I got this grill last year. I like it. It's the infared type. No flare up, no burned meats....
Next one may be the big green egg. I miss cooking on charcoal and wood....

Reactions: Like 1


----------



## Sprung (Jul 4, 2020)

ripjack13 said:


> I got this grill last year. I like it. It's the infared type. No flare up, no burned meats....
> Next one may be the big green egg. I miss cooking on charcoal and wood....

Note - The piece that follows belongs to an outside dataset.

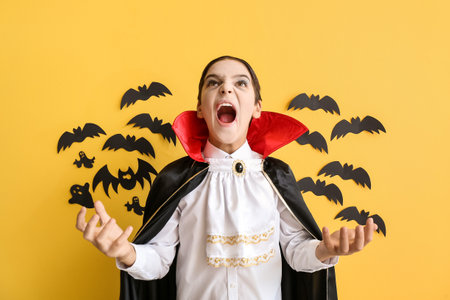 Cute little boy dressed as vampire for Halloween on color backgroundの写真素材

Part of me wants a big green egg, but what I really want is a pellet grill. Haven't had the chance to try an infrared grill.

Reactions: Like 2 | +Karma 1


----------



## ripjack13 (Jul 4, 2020)

Pellet grill? I'll have to google that....


----------



## Tom Smart (Jul 4, 2020)

ripjack13 said:


> big green egg.


Two words, Kamado Joe.

Reactions: Like 2


----------



## Tom Smart (Jul 4, 2020)

OK, a few more, on sale at Costco.

Reactions: Like 2


----------



## T. Ben (Jul 5, 2020)

You can’t beat an old style kettle grill and charcoal.

Reactions: Agree 2


----------



## ripjack13 (Jul 5, 2020)

T. Ben said:


> You can’t beat an old style kettle grill and charcoal.



I'd even settle for a hibachi!

Reactions: Like 1


----------



## ripjack13 (Jul 5, 2020)

Anyone else cooking? Post it up ! 
I wanna some yum yums!


----------



## ripjack13 (Oct 2, 2020)

How bout this @Herb G. ?


----------



## Mike Hill (Jan 22, 2022)

Momma not home today and it’s dangerous to let Lil Mikey alone! Things just happen! So we get another version of Mikey’s Mashup! Sort of a use up all the stuff that’s bee in ref/freezer a long time. This time sliced up squid steaks, mussels, pinto beans, collard greens, whole pimentos, fried peppers, oven baked tomatoes, capers, concentrated beef broth and lots of Trader Joe’s umami sauce. Needed lots of flavor as I do not have my full taste!



I’m

Reactions: Like 3 | Way Cool 3


----------



## Eric Rorabaugh (Jan 22, 2022)

Lil Mikey's Mashup is right!!!


----------